Wherever pictures appear in the listing below, leave them out, and copy exactly, and only, everything from the line with "Светоотражающая пудра Chanel" down to the line with "CABOTINE FEMME by".

> **Supplied entries**:
========================================
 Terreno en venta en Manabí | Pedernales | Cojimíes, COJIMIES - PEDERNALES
========================================
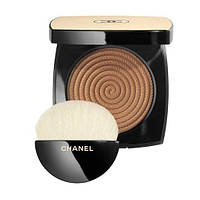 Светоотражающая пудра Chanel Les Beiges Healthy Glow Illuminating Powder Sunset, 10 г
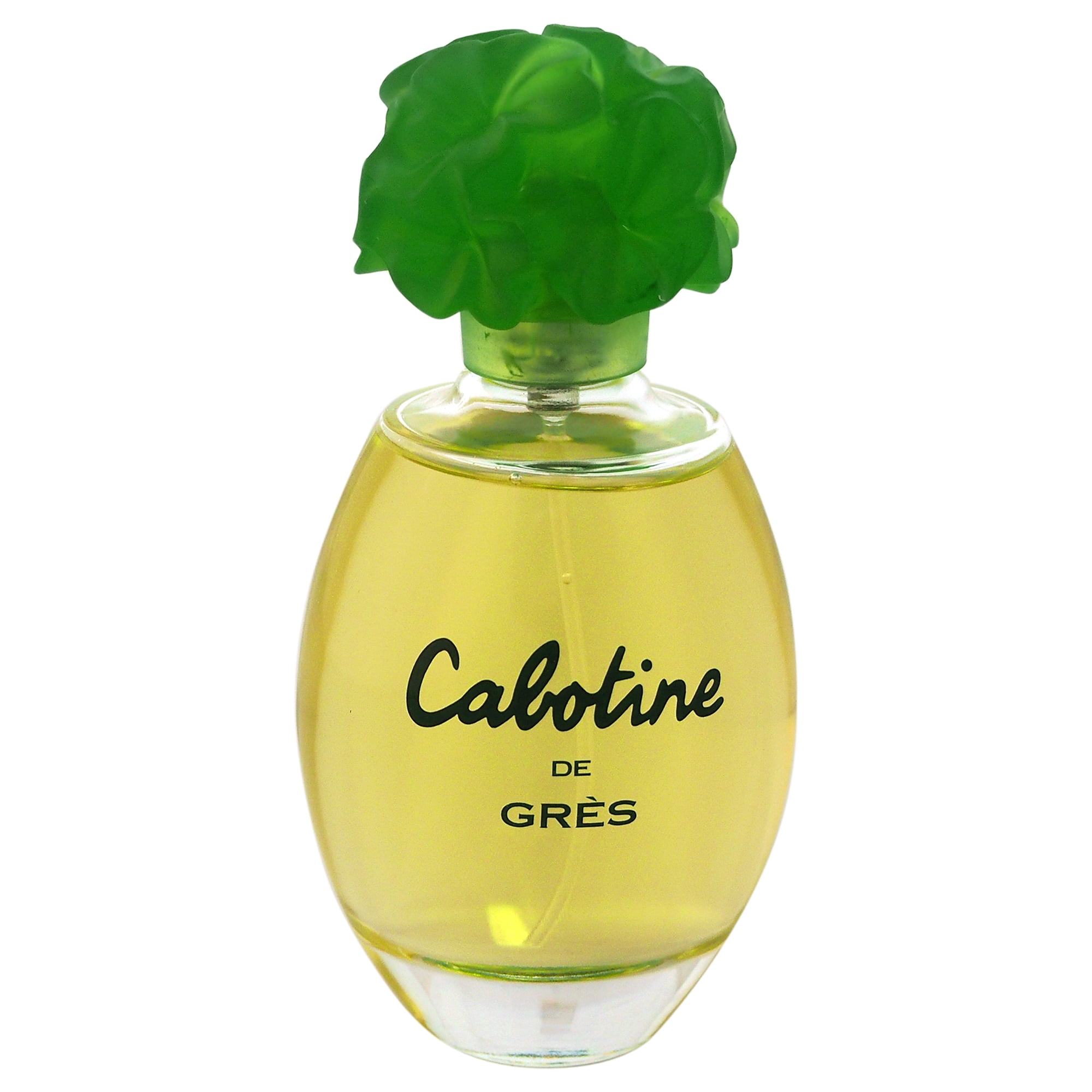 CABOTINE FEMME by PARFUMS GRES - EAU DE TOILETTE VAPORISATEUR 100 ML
========================================
> **Exercise result**:
 Светоотражающая пудра Chanel Les Beiges Healthy Glow Illuminating Powder Sunset, 10 г
 CABOTINE FEMME by PARFUMS GRES - EAU DE TOILETTE VAPORISATEUR 100 ML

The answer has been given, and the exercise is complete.